Le talent implique une responsabilité, celle d’en être à la hauteur. Marc Lévy n’a jamais écrit de bons livres, on ne peut, dés lors, lui en vouloir d’en écrire de mauvais. A contrario, ce genre de livre raté raisonne comme une insulte à la jeune carrière littéraire de la Nothomb. Autant de jeunes auteurs ou de brillants romans évincés des lumières de la rentrée littéraire par l’ombre englobante d’une notoriété en bleu de travail et en manque d’inspiration, c’est franchement accablant.
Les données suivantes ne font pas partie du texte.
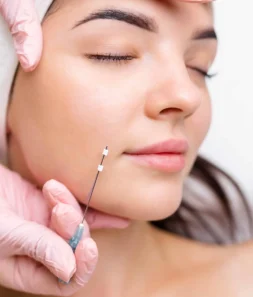 PDO Thread Lift in Draper, UT | Magnifique Med Spa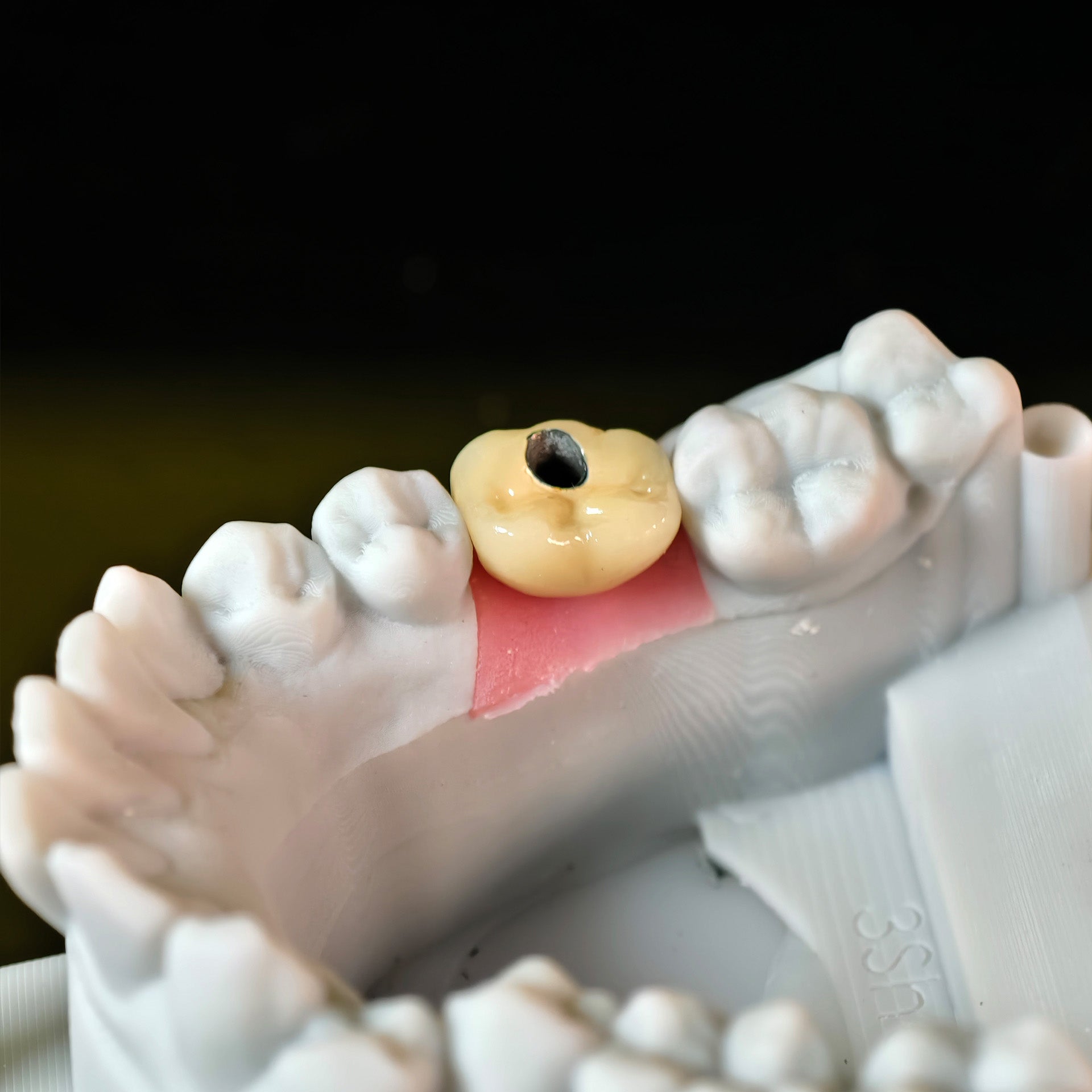 Implant-Supported PFM Single Crown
La plupart des critiques encensent "le dernier Nothomb", décrivant son plat roman comme un chef-d'oeuvre d'incongruité. Des clous ! Des personnages d'une impalpabilité incroyable, dénués de toute personnalité, leurs réactions ne semblant dictées que par la volonté (ou l'absence d'inspiration) de l'auteur seule. L'intrigue capillotractée serait supposément propice aux thèmes de l'identité, du doute de soi, de l'unicité et du narcissisme. Thèmes à peine survolés tant l'auteur s'empresse de nous servir du Nothomb : nombreuses disgressions, souvenirs d'enfance et, bien sûr, références japonisées. Tomber dans la mascarade de la rentrée littéraire et dans la consommation compulsive de Nothomb a de quoi dégouter ses plus fervents lecteurs, dont je fais maheureusement partie.